**** SOURCE RECORDS ****

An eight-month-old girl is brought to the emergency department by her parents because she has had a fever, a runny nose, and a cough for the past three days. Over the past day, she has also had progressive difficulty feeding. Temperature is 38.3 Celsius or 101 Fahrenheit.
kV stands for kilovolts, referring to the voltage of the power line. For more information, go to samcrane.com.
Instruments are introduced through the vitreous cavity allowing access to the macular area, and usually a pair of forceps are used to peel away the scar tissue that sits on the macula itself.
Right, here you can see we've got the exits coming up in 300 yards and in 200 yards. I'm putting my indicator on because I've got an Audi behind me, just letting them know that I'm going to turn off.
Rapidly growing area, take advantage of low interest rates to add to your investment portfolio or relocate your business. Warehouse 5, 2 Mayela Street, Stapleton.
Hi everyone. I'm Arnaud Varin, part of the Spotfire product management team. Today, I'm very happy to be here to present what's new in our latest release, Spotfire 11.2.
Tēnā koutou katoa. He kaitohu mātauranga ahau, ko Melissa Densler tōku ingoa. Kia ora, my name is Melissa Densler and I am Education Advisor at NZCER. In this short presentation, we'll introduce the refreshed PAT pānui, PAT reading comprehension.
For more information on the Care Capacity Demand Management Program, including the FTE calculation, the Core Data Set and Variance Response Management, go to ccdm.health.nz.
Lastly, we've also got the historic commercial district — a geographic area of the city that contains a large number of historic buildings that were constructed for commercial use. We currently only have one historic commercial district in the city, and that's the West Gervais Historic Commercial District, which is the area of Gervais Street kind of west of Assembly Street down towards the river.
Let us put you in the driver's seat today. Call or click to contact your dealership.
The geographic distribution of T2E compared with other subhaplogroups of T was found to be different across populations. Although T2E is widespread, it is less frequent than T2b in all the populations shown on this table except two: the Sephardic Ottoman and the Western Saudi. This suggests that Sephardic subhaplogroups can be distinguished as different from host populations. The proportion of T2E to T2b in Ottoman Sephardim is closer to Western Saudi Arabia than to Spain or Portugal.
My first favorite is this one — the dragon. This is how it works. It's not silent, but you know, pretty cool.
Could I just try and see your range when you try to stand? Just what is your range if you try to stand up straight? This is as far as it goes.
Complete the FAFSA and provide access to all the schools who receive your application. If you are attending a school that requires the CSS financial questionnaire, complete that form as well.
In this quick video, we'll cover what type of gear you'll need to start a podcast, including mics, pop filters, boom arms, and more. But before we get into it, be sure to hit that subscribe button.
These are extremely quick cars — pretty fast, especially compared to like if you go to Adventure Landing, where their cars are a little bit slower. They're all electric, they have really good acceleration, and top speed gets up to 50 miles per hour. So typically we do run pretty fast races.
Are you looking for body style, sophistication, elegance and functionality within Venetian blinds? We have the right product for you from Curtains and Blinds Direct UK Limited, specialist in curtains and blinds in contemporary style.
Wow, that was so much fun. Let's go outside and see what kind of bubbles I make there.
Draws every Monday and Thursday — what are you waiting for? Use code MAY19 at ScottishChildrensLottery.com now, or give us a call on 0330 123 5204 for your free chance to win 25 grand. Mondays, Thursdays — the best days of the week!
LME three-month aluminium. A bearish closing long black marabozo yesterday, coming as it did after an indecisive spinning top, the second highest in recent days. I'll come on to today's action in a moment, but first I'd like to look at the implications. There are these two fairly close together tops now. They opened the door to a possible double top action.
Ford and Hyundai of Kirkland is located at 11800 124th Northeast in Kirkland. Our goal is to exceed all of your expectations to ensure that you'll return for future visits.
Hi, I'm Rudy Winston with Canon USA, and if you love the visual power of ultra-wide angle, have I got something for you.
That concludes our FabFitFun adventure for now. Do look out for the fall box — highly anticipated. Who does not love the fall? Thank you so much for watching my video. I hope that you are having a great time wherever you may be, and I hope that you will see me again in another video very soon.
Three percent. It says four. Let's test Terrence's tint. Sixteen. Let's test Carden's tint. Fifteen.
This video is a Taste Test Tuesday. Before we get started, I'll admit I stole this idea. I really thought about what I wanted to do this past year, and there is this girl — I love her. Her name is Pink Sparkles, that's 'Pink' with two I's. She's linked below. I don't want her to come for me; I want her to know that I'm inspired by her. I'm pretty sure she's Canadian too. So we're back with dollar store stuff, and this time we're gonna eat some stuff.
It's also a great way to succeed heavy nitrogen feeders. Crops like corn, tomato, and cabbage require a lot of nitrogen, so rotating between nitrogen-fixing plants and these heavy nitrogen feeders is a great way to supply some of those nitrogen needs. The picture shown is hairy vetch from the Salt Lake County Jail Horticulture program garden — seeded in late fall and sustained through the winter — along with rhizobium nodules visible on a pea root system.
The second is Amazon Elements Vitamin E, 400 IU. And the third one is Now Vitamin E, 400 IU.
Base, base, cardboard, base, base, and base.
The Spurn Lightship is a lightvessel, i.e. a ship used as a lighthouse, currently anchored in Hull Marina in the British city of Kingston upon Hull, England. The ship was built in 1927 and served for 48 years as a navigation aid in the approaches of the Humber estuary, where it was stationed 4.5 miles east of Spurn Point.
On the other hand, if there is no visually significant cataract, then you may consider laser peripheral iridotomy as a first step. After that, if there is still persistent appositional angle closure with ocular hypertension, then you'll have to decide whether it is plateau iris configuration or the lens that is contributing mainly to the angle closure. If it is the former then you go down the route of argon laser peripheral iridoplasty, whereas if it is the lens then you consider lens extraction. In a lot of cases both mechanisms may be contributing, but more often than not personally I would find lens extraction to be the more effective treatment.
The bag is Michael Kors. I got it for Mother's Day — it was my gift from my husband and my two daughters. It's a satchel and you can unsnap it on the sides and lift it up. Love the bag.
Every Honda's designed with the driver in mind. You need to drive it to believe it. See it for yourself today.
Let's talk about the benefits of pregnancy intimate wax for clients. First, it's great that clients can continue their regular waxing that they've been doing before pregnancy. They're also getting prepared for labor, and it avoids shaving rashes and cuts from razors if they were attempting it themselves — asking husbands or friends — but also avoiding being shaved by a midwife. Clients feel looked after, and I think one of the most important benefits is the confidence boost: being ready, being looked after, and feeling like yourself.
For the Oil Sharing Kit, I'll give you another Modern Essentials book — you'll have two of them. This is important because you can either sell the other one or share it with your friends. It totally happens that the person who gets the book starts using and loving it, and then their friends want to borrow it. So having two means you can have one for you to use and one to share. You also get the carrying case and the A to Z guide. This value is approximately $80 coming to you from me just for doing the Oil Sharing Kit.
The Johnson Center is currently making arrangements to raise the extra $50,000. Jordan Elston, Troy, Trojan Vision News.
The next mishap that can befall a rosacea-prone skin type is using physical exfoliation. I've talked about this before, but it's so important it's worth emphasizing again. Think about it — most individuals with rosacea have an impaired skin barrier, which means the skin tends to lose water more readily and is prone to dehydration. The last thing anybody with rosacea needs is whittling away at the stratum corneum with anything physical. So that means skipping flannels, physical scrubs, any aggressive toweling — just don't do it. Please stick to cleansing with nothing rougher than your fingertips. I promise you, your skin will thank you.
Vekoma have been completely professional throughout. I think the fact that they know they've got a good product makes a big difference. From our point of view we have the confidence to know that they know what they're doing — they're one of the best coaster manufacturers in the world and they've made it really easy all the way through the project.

****

## TASK STATEMENT
Filter the data, keeping only the lines that contain "miles".

## OUTPUT
These are extremely quick cars — pretty fast, especially compared to like if you go to Adventure Landing, where their cars are a little bit slower. They're all electric, they have really good acceleration, and top speed gets up to 50 miles per hour. So typically we do run pretty fast races.
The Spurn Lightship is a lightvessel, i.e. a ship used as a lighthouse, currently anchored in Hull Marina in the British city of Kingston upon Hull, England. The ship was built in 1927 and served for 48 years as a navigation aid in the approaches of the Humber estuary, where it was stationed 4.5 miles east of Spurn Point.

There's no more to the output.